Manifold: Procurement's Purchase for UVA Cancer Research

Jessica Lenore of the Procurement Team
led the way with the Manifold purchase.
UVA Health is a recognized leader in cancer care, performing in the top 10% of cancer centers in the country. While healthcare experts are concerned with medical treatments and taking care of their patients, it is important to implement behind-the-scenes technology to make keeping track of patients, research, and data easier for healthcare workers. The Procurement Team's work with AI company Manifold is a wonderful example of the valuable effort that goes into maintaining UVA Health's research database. 

A Problem with Database Access

The UVA Cancer Registry routinely abstracts data for cancer patients who are have been either diagnosed and/or received treatment at UVA Health. There are around 130,000 patients in this system, many of whom have had surgical biospecimens collected under waiver of consent or under the Total Cancer Care consent. Patients with abstracted clinical data and matched biospecimens are a much needed resource for many Cancer Center investigators, but the resources are underutilized due to the difficulty in data access. The data sits in siloed platforms and requires multiple teams to work together to link patients. Even simple feasibility questions for projects can take weeks to answer, significantly hindering research progress. 

Finding a Solution

Manifold specializes in assisting this process, by pulling research and information from all of these databases, putting them into one uniform platform, and making it functional and easy to use, integrating all the complex data sources into one searchable source. 

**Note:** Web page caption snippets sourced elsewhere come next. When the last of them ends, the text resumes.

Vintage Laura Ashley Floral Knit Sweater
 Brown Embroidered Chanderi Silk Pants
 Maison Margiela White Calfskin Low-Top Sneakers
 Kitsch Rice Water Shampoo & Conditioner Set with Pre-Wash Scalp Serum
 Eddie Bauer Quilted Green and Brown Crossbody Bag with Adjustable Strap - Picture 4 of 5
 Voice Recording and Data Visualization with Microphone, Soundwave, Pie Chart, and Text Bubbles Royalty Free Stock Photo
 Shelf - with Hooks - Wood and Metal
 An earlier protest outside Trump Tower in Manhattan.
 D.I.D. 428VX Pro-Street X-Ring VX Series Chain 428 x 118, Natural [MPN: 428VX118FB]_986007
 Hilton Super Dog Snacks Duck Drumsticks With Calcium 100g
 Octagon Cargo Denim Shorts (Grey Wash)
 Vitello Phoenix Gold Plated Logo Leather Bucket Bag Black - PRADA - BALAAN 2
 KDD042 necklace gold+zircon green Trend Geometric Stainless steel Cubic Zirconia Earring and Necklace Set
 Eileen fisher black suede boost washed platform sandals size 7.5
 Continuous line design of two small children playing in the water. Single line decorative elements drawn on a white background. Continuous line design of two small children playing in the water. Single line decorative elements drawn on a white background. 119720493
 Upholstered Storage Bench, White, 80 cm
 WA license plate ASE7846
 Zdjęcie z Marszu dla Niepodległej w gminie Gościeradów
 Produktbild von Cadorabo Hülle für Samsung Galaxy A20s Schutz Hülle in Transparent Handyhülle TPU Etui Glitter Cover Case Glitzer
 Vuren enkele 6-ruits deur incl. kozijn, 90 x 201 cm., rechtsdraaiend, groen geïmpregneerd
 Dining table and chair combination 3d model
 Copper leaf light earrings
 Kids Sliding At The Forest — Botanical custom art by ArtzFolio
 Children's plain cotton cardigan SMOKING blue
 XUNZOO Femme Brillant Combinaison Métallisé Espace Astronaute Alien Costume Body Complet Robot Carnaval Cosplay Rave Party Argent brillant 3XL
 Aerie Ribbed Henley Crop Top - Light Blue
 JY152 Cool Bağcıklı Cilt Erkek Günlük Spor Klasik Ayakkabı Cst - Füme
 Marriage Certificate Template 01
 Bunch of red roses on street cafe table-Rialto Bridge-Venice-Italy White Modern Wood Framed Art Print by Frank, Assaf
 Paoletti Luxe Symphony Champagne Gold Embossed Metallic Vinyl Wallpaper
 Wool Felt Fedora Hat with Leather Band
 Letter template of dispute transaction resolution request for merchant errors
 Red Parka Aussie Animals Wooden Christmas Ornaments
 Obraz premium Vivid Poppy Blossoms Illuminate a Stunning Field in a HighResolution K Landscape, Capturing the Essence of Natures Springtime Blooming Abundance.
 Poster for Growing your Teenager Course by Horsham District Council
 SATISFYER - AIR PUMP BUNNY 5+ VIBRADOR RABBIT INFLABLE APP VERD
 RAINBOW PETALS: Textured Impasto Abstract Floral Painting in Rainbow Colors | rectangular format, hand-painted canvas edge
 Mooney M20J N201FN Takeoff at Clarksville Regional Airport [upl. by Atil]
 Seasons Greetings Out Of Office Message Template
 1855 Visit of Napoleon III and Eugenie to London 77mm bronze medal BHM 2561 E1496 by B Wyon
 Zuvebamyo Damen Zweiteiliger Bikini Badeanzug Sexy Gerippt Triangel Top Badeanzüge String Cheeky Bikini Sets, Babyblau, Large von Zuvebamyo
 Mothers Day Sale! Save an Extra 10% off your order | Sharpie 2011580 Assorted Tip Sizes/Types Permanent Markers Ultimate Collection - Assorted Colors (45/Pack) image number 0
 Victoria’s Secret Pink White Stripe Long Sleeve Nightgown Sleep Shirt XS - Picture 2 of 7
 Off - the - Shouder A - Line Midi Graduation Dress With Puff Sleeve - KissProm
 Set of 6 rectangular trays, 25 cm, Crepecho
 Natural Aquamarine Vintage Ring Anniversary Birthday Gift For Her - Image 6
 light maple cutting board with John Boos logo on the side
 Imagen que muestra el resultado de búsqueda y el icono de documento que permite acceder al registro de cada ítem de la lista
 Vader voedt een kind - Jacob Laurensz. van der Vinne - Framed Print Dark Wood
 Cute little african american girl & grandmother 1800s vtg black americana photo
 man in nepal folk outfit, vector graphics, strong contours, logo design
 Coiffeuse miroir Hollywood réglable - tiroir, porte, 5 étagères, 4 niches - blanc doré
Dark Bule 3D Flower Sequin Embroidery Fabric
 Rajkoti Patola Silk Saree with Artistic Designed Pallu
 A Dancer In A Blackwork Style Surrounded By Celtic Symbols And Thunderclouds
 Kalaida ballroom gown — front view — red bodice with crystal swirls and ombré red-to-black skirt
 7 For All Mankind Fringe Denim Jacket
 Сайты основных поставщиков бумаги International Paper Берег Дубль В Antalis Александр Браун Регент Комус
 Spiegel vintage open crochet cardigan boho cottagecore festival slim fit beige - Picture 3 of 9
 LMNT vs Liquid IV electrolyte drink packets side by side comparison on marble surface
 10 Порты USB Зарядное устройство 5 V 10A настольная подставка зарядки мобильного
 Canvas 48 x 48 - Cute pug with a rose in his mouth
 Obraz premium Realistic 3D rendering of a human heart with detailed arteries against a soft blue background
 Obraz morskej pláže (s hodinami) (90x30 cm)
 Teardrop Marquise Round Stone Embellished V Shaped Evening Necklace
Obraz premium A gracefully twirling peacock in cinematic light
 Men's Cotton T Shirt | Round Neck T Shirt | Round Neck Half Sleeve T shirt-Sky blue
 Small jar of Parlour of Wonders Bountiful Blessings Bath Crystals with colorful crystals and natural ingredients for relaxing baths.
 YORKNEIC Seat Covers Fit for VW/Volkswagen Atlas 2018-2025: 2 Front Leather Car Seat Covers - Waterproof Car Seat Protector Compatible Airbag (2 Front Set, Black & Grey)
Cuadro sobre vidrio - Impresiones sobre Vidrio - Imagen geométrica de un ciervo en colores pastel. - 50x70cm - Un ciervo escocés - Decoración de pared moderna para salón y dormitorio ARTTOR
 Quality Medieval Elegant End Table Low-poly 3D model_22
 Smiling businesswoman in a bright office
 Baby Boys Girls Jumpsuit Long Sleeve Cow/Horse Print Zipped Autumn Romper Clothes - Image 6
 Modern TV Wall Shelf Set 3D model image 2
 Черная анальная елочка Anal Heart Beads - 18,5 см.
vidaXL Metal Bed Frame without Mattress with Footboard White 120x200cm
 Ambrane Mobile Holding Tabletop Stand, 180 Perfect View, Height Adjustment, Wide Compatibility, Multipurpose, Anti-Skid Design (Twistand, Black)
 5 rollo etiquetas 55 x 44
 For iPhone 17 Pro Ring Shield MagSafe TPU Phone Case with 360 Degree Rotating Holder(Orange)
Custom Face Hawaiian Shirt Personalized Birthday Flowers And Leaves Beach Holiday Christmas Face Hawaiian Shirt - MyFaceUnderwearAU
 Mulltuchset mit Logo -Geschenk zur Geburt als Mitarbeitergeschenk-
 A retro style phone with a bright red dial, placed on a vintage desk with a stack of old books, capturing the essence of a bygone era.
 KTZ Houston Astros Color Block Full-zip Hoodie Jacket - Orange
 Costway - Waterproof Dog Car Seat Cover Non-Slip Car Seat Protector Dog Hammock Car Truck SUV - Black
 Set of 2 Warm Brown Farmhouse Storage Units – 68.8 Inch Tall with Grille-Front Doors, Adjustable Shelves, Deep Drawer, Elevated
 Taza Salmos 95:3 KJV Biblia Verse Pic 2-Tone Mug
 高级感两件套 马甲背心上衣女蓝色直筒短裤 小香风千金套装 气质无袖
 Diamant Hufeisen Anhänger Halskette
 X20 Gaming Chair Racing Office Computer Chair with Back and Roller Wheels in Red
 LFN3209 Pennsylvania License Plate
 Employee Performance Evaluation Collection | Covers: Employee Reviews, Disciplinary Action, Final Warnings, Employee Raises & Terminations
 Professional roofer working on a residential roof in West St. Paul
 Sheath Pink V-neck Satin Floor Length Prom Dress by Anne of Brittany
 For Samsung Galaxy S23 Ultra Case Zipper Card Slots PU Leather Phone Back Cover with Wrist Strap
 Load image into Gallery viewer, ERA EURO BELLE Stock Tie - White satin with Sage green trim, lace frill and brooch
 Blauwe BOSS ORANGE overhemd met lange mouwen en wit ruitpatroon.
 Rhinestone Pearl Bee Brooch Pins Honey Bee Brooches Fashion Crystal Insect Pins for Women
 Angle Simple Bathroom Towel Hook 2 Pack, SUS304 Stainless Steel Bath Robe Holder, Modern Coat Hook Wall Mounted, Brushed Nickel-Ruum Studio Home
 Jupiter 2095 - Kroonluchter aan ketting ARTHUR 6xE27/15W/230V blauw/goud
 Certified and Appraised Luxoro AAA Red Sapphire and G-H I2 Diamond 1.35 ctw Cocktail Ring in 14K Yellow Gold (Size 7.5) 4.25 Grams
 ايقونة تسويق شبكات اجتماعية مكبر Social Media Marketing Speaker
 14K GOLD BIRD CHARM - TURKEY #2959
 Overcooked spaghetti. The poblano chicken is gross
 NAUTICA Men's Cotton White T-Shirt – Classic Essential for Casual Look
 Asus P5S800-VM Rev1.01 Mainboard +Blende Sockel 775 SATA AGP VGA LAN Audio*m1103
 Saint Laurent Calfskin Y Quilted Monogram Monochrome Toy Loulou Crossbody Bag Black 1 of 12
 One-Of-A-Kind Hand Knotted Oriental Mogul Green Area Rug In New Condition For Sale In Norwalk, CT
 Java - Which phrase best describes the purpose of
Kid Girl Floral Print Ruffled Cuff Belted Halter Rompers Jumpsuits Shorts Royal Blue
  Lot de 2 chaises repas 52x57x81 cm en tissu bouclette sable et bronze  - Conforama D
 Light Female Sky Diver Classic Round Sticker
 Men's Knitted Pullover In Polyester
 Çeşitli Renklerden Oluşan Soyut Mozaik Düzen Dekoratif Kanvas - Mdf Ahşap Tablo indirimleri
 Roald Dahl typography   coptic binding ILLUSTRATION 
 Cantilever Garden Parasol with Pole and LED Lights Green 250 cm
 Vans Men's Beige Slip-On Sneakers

After Manifold was first introduced to UVA Health as a pilot program to test its efficacy, there was a push to proceed with its implementation across multiple data sources. And that's where Procurement's Jessica Lenore comes in.  

An Assist from Procurement Services

Lenore met and negotiated with Manifold multiple times, and received the green light on the program two weeks before it needed to be signed. She met with the Cancer Center department to clarify any questions, and moved ahead with signing. Lenore also facilitated looping in University Counsel and the Health Center's Infosec to make sure the AI language included in Manifold's contract was appropriate coverage for UVA and patient data. 

This was a tremendous effort, but given the scope and importance of it, Lenore and her team put extra effort in for the benefit of UVA Health, UVA Cancer Registry, and future cancer research.